その後、急激な経済成長とともに1960年頃まで大きく低下しましたが、それでも1980年頃まで30%から35%のあいだで組織率はほぼ横ばいといった状況でした。
ところが昭和の終わりから組織率は右肩下がりの緩やかな減少が始まり、平成の30年間はほぼ一貫して低下の一途をたどりました。
平成元年には25.9%と4人に1人しか組合員ではなくなり、その後一度も26%台に回復することはありませんでした。
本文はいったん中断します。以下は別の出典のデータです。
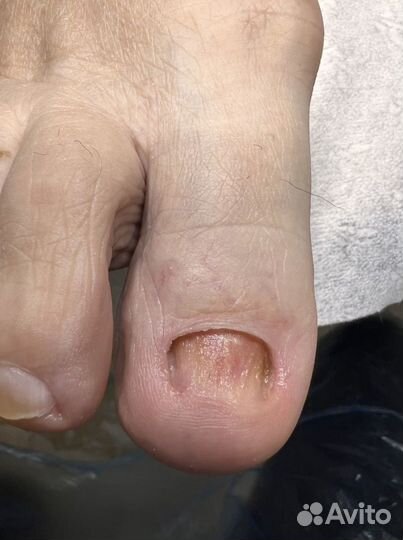 Услуги подолога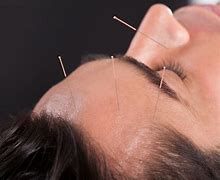 Image result for Migraine Acupuncture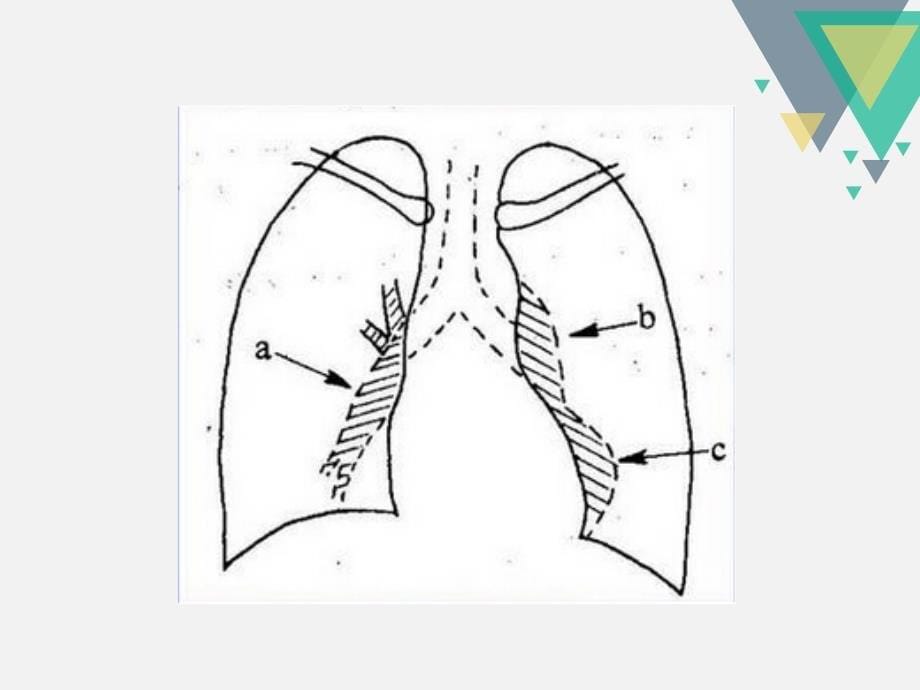 肺源性心脏病的影像诊疗_第5页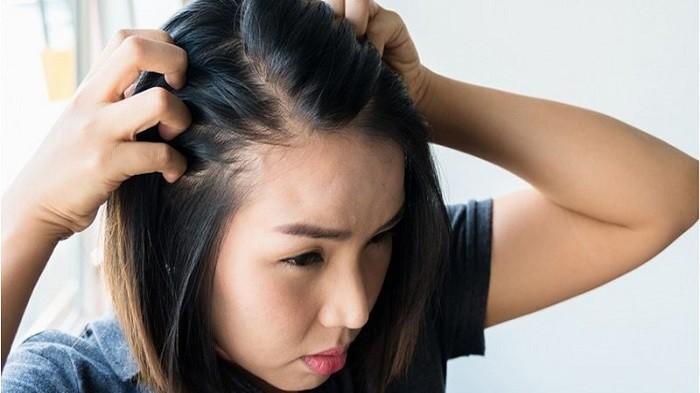 Apakah Rambut Mempengaruhi Jerawat?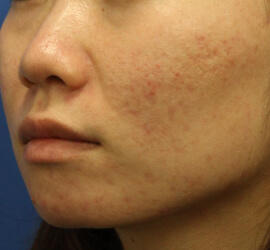 20代女性の小林式ニキビ治療法 Before 症例写真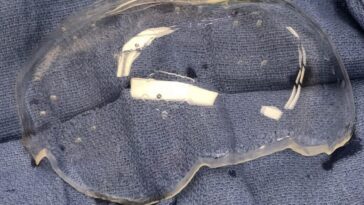 Implantation du premier crâne en plastique transparent au monde: à quoi sert-il de voir le cerveau 1 Crédit : Todd Patterson / Université de Californie du Sud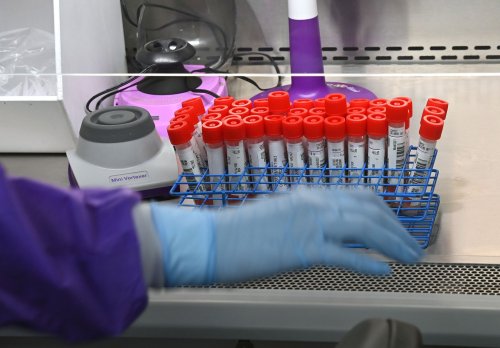 FDA says some lab tests are not reliable. It wants to change that.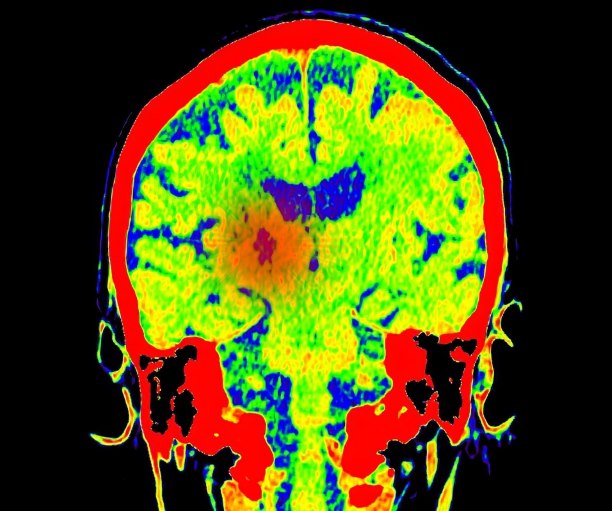 Normothermic regional perfusion boosted the supply of donor organs, but the practice remains controversial from an ethical perspective. Bioethicists weigh in: bit.ly/4cmBhy4

#NeuroTwitter #OrganDonation <a href="/MottChildren/">C.S. Mott Children's</a> <a href="/parent_brendan/">Brendan Parent</a> <a href="/rubinm214/">Michael Rubin</a> <a href="/MattKirschen/">Matt Kirschen</a> <a href="/GeiselMed/">Geisel School of Medicine at Dartmouth</a>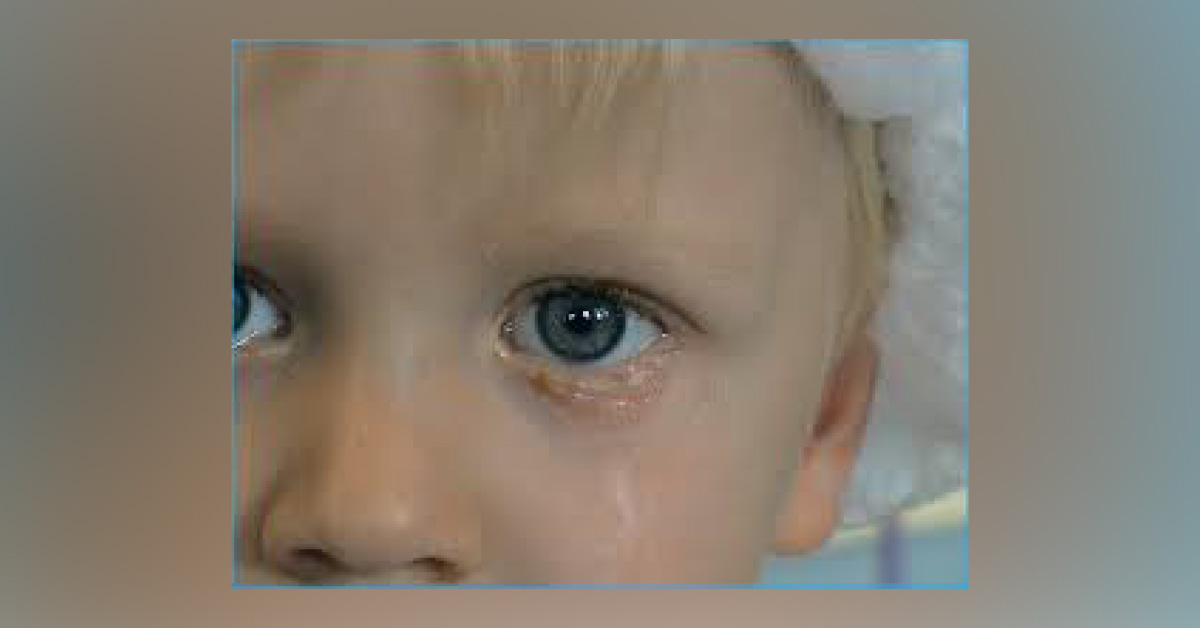Brief Review Of Congenital Tear Duct Obstruction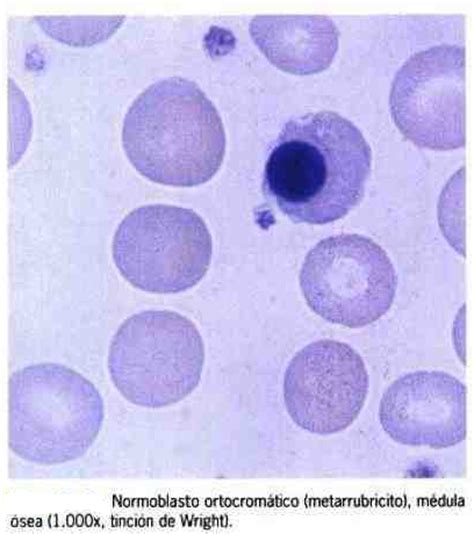 Laboratorio Clínico: Morfología normal de los eritrocitos.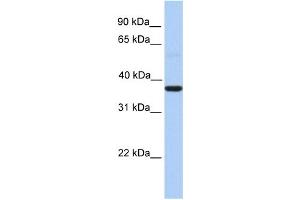 Western Blotting (WB) image for anti-Zinc Finger CCCH-Type Containing 15 (ZC3H15) (Middle Region) antibody (ABIN2784262)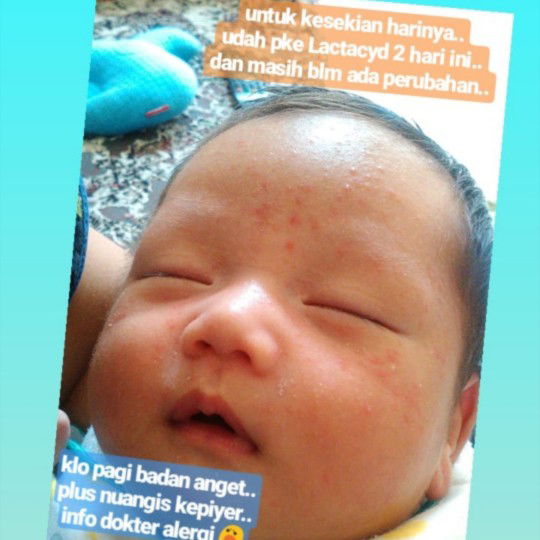 ruam di muka pada bayi baru lahir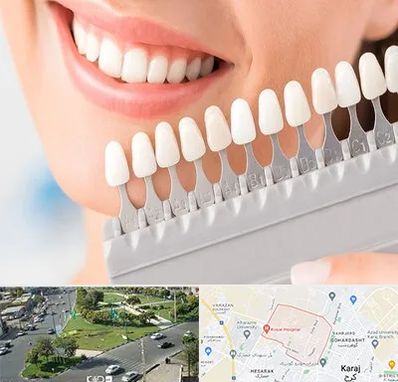 متخصص لمینت دندان در شاهین ویلا کرج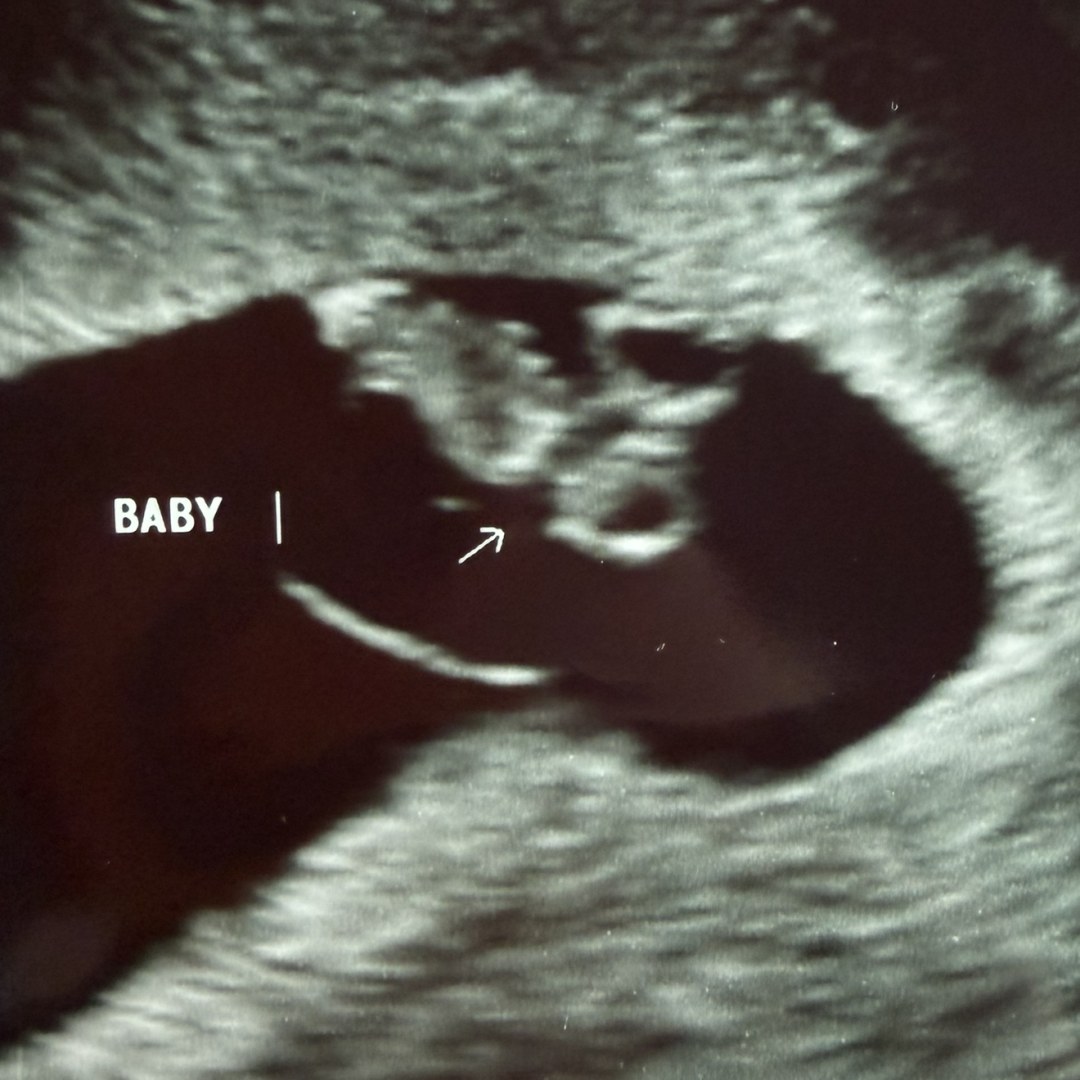 Photo shared by Jessie for their Babylist baby registry.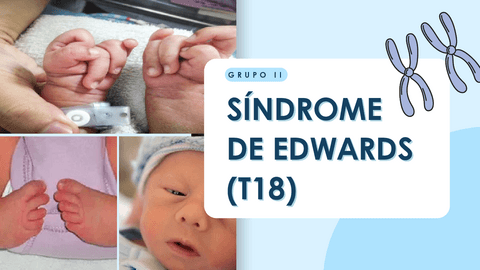 Sindrome-de-Edwars.pdf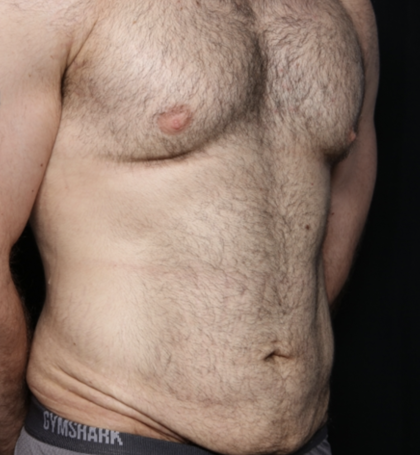 Tummy Tuck Before & After Patient #35790
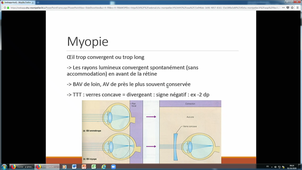 DFASM1 MID - Ophtalmo Pierre Pineau 1/2 (01/10/2020)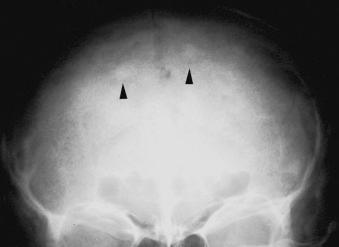 FIGURE 88-1, Anteroposterior view of the skull demonstrates focal areas of sclerosis (arrowheads) .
直近の数字を見ても2018年の組織率は17.0%で7年連続で過去最低を更新中となります(「労組組織率17% 過去最低を更新 厚生労働省」朝日新聞2018年12月19日配信)。
一億総中流や標準世帯という言葉が語られていた時代は、高校や大学を卒業後、就職、結婚、子育てといったライフステージにあわせて賃貸マンションから郊外の戸建て住宅の購入、自動車の購入、生命保険の加入、など多くの人がごく自然に同じように思い描く人生設計が広がっていました。
しかし平成の30年間のあいだに、雇用形態が多様化して非正規労働者が増えるにつれて働く人の意識や考え方も多様化してしまったため、労働者のあいだでもいわゆる正社員と非正規とのあいだで利害関係が複雑になってきました。
残念ながらそういった労働者の意識の多様化に対して労働組合の対応には限界があったため組織率は年々低下しており、当然ながら影響力も低下し続けています。
経営者と労働者のパワーバランスでどうしても労働者の力が弱くなってしまうため、労働者が労働組合として団結することで経営者に物申すことができるのが労働組合の強みですが、現在では、現場の労働者から労働組合に寄せる期待はさほど大きなものではなくなっているといえます。
平成に入り非正規労働者へも組合員の門戸を広げていますが、そこまで大きな動きにはなっていません。
令和の時代の労働組合のあり方とは
今後も非正規労働者が増えることは予想されていますし、外国人労働者の受入も進んでいます。
さらには昨今話題となっているコンビニ加盟店のオーナーなどといった自営業主と労働者とを併せ持つような働き方である人たち、そこにはフリーランスとして働く人たちの一部も含まれています。
そういう働き方をしている人たちに対して労働組合としてどのように取り込んでいくのか、令和の時代の労働組合のあり方が問われているといえるのではないでしょうか。